OH GOD but writing this post about looking for love again makes me cringe too cause I can hear all the unsolicited advice I am going to receive like “You have to stop looking and then you’ll find it!” First of all shut up. That’s the worst advice! I’m 42, I’ve tried not looking, I’ve tried dating apps, I’ve tried looking for people in real life, like I just don’t think someone can give me advice that is gonna work. And I’m not looking for advice either. I’m just writing a post about my complicated emotions these days. Unsolicited advice is the bane of my existence. And it’s also really patronizing for me to hear and makes me feel like you think I’m an idiot.
I was trying to talk about a break up a few months ago with a friend and she started giving me unsolicited advice and I told her I didn’t want it and then she told me I couldn’t talk about my break up then. So I stopped talking to her. I mean we’ve talked since, but I know I can’t process my feelings with her anymore.
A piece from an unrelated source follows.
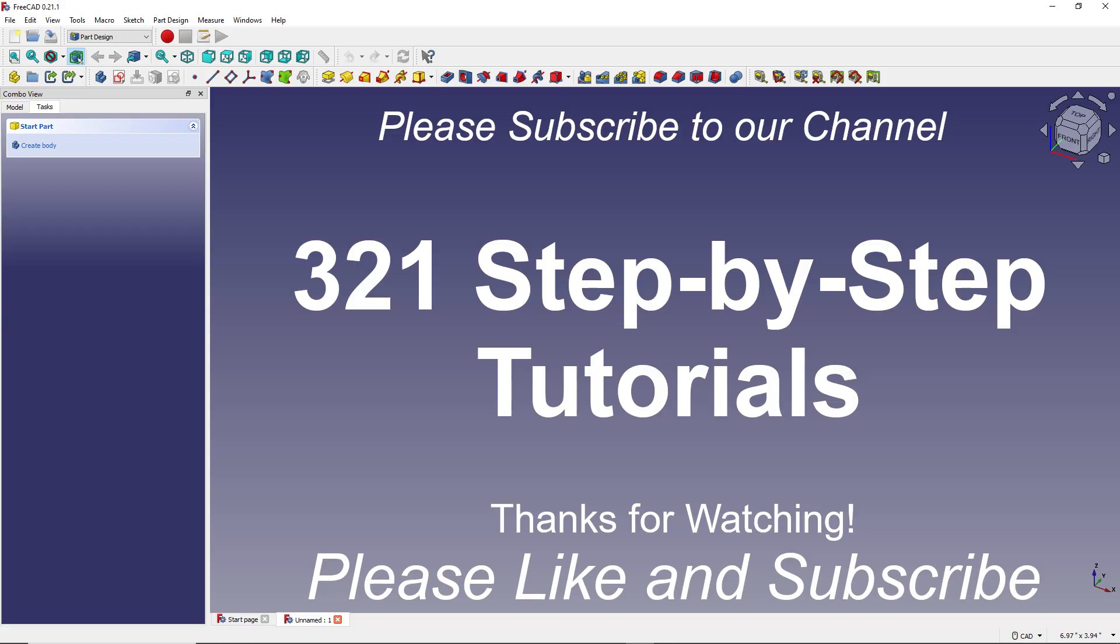That concludes this tutorial, so thanks for watching. And be sure and check out our other tutorials on our YouTube channel named 321 Step-by-Step Tutorials.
Most of the time I just write through stuff here. I’ve avoided it recently because I didn’t know what to say. And because my career is taking off so people are coming here more for my film stuff. And this experimental blog is like, kind of treated in a weird way by people when they find it. Like, some people think I’m gonna tell all their secrets on it or something, even tho I’ve tried to keep it very naval gazey.
There is a lot of really interesting stuff going on in my career but it seems like a bad move to tack it onto the end of this complicated emotions post. Maybe I will post career stuff later.